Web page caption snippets
- - - -

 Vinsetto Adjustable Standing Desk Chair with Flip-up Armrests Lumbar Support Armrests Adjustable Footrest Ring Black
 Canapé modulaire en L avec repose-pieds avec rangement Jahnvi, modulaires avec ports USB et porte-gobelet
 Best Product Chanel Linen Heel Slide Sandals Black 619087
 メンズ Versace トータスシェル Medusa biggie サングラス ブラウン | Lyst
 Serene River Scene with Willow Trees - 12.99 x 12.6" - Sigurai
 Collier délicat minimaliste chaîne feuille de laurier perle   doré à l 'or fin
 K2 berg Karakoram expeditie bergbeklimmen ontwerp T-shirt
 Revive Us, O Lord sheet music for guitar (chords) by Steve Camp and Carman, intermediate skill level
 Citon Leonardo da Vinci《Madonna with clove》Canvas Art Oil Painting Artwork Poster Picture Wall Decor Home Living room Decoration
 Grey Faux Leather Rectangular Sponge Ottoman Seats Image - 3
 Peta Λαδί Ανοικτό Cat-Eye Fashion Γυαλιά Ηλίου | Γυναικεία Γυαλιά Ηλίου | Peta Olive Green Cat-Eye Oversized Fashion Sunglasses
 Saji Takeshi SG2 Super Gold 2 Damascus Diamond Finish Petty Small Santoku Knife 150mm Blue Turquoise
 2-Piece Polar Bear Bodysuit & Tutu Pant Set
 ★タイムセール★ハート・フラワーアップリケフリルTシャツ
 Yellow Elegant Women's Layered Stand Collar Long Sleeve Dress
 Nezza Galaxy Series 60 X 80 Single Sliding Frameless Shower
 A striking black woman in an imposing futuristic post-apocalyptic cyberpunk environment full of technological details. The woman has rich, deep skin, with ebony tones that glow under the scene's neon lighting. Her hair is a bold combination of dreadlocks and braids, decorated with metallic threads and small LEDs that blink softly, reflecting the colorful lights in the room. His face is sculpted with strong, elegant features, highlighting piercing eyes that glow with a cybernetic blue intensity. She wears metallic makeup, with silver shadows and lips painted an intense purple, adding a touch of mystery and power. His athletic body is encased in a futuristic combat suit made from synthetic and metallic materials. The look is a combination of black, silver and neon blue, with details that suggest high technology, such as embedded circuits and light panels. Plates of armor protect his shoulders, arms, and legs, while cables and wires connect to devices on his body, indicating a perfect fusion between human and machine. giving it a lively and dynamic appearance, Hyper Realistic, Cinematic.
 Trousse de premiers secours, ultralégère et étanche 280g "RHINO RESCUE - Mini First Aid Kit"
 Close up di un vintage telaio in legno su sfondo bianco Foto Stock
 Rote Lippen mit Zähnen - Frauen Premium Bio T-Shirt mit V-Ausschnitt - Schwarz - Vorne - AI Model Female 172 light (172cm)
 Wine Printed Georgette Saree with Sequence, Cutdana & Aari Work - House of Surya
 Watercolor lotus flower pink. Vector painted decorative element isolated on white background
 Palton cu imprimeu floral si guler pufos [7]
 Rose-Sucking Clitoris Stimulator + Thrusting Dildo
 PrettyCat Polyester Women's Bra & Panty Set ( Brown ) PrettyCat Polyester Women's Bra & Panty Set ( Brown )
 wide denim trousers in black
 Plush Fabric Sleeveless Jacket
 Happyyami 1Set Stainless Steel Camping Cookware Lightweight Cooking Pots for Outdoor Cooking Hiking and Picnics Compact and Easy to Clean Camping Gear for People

- - - -

Your task = Starting with the line with "Grey Faux Leather" above and going on through the line with "Nezza Galaxy Series", transcribe every line exactly, both ends included, and add nothing.

Exercise output =
 Grey Faux Leather Rectangular Sponge Ottoman Seats Image - 3
 Peta Λαδί Ανοικτό Cat-Eye Fashion Γυαλιά Ηλίου | Γυναικεία Γυαλιά Ηλίου | Peta Olive Green Cat-Eye Oversized Fashion Sunglasses
 Saji Takeshi SG2 Super Gold 2 Damascus Diamond Finish Petty Small Santoku Knife 150mm Blue Turquoise
 2-Piece Polar Bear Bodysuit & Tutu Pant Set
 ★タイムセール★ハート・フラワーアップリケフリルTシャツ
 Yellow Elegant Women's Layered Stand Collar Long Sleeve Dress
 Nezza Galaxy Series 60 X 80 Single Sliding Frameless Shower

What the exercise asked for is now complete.